United States v. Sumner

125 Misc. 658 | N.Y. Sup. Ct. | 1925

Thompson, J.:

Defendants challenge the authority of the district attorney to bring this action and the power of the court to take cognizance of it, upon the ground that the State having expressly refused to pass legislation providing for the enforcement of the National Prohibition Act (41 U. S. Stat. at Large, 305) by its officers or in its courts, such power and authority is thereby impliedly denied them. This is an erroneous and vicious conception. The National Prohibition Act is the supreme law of the land, and neither the State, its citizens or its courts can override it. The State derives all of its powers from the Federal Constitution. The United States of America does not take its power or authority in any respect from the Constitution or the laws of any State. The State of New York cannot refuse the process of its courts for the prosectution of actions authorized by the Volstead Act, and it cannot forbid its officers exercising the powers or performing the duties conferred and imposed by such law; nor has it attempted to do so. (Second Employers’ Liability Cases, 223 U. S. 1, 57, 58; 15 C. J. 1155.)

Moreover the Volstead Act contains express authority for the bringing of this action by the district attorney in this court, and in the manner in which it has been brought; and the State cannot nullify such provision. (National Prohibition Act, § 22; 41 U. S. Stat. at Large, 314.)

It is fundamental that illegal traffic in intoxicating liquor is a public nuisance per se. (City of Shreveport v. Maroun, 134 La. 490; 18 C. J. 1234, 1236, 1245.)

The Volstead Act of its own force constitutes any place in the State of New York where intoxicating liquor is illegally sold a common nuisance. (National Prohibition Act, § 21; 41U. S. Stat. at Large, 314; 33 C. J. 692.)

In such respect the act is more binding upon the State than is its own laws, because, while the State may amend or repeal its laws, it can in no case amend or repeal the Federal law. (Carse v. Marsh, 189 Cal. 743; 210 Pac. 257.)

The place ” of a nuisance under the Prohibition Law may be any room, house, building, boat, vehicle, structure or any other *660place where intoxicating liquor is manufactured, sold, kept or bartered in violation of the law. (National Prohibition Act, § 21.)

One who rents his house with the knowledge that it will be used for such purpose or who permits the use of the house for such purposes is equally guilty. (Penal Law, §§ 27, 1533, subd. 1; People v. Erwin, 4 Den. 129.)

The laws of the State of New York also provide adequate remedy for the investigation and criminal prosecution of places and persons found occupied in the business of selling intoxicating liquors in violation of the Volstead Act. Such a place is a public nuisance, and a person maintaining it is guilty of a misdemeanor under the provisions of our Penal Law. Courts may also direct the abatement of the nuisance with costs to be paid by the defendant. (Penal Law, § 1530; Code Grim. Proc. § 953; U. S. Grim. Code, § 326.)
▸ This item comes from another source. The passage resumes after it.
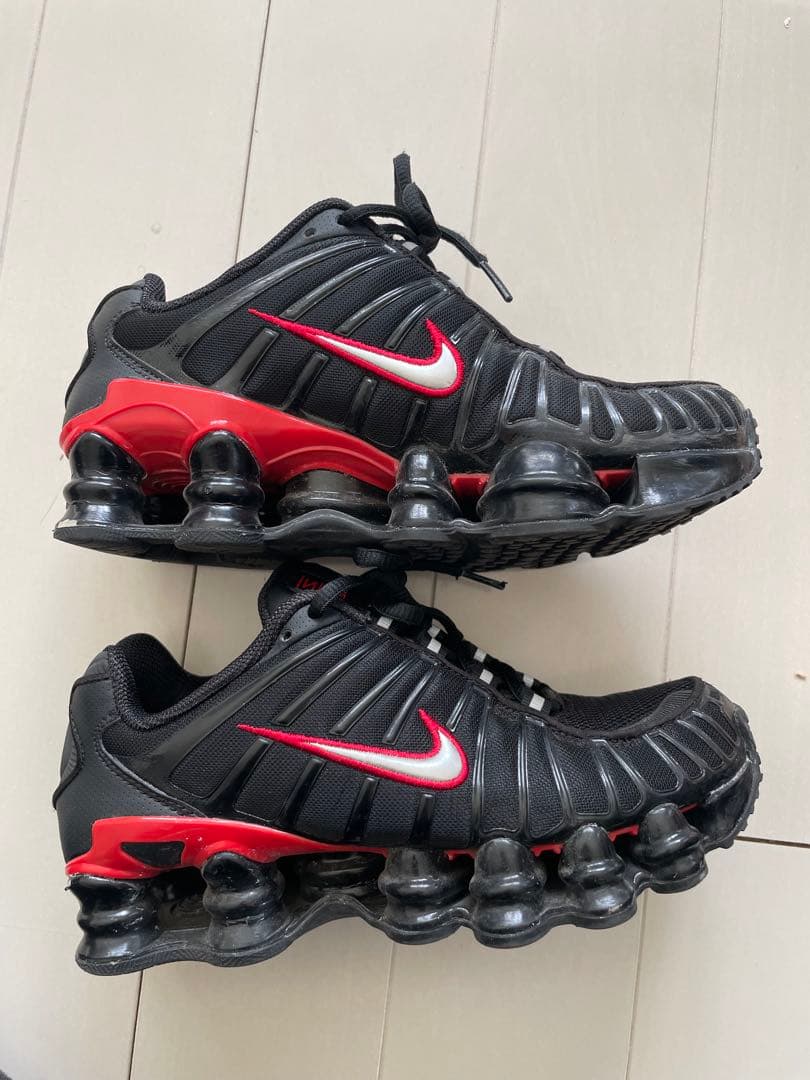 Nike Shox ブラック/レッド スニーカー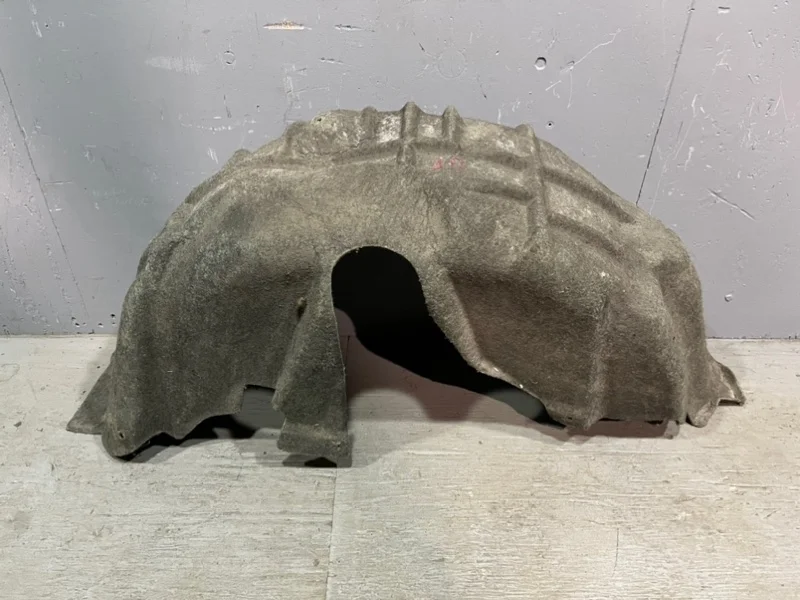 Подкрылок Audi A3 8P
These sections afford ample authority for the peace officers of the State and its subdivision, the district attorney, the sheriff and the grand jury to investigate places of this character, and to indict and to bring to trial persons responsible therefor. So a district attorney, by virtue of his office and of the authority with which he is clothed, may employ detectives in such cases to make investigations that the offenders may be brought to justice. The expenses attendant thereon are a proper county charge. (County Law, § 240, subd. 2; People ex rel. Watts v. Board of Supervisors, 170 App. Div. 334.)

The motion to dissolve the injunction is denied and it is continued until the end of the trial.